Tomorrow is the 90th Anniversary of the Kansas City Massacre. Police were escorting an associate of Pretty Boy Floyd’s to Leavenworth when they were jumped by gangsters with Thompson submachine guns.

Two police officers, a police chief and an FBI agent were killed. The attempt to free the prisoner, Frank Nash, failed, because the gunmen killed him,t oo.

There are still bullet holes from 1933 in the walls of Union Station.

That was a hard year for Missouri. A highway patrolman and the Boone County Sheriff were assassinated, a police chief was kidnaped, an eighteen-year-old Black man was lynched in St. Joseph, and Bonnie and Clyde took up housekeeping in Platte City, about 30 minutes north of Kansas City.

Kansas City is a beautiful town–unexpectedly hilly–but it was wide-open in the 1920s and 1930s, both in good ways (Louis Armstrong played in speakeasies there) and in bad–violence and political corruption.

That’s where my Grandmother Gregory comes in. She was a powerful woman, the Democratic Chair of Texas County, Missouri, and one of the first women delegates to an national political convention, in 1924, for the Democrats in sweltering heat inside Madison Square Garden. It took them 109 ballots to nominate a nonentity, John W. Davis, trounced by Calvin Coolidge that November.

In the 1930s, the political “boss” of Kansas City was a Democrat, Tom Pendergast, whose machine was legendary and who influence extended far beyond the city limits. Nine years ago, I wrote down what my father told me about those times:

In Depression-era Missouri, before every election, my Dad remembered, a new car would pull up outside my Grandfather’s farmhouse and two men in three-piece suits (usually reserved for funerals, and even then for the Deceased) would deposit a bank-bag full of cash on Dora Gregory’s kitchen table. For them, it was but one more stop on a kind of purgatory circuit. That part of the state was thinly populated, so you had have a real passion for soybeans to make the drive enjoyable.

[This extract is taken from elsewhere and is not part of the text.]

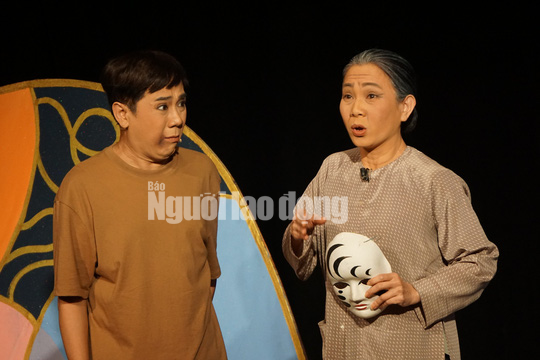 Kh&oacute;c - cười với anh Bạch bong b&oacute;ng của NSƯT Th&agrave;nh Lộc - Ảnh 4.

They were bagmen for the Kansas City Pendergast Machine, one of those old-timey operations that brought dead voters back to life, among other shenanigans.

Tom Pendergast had Texas County in the bag, because, come Election Day, my pre-teen Dad handed out fives to waiting voters, murmuring, “The Democratic Party thanks you,” over and over, like a priest at Eucharist, so the Democrats never lost Texas County. The bank bag on Grandma’s kitchen table assured that.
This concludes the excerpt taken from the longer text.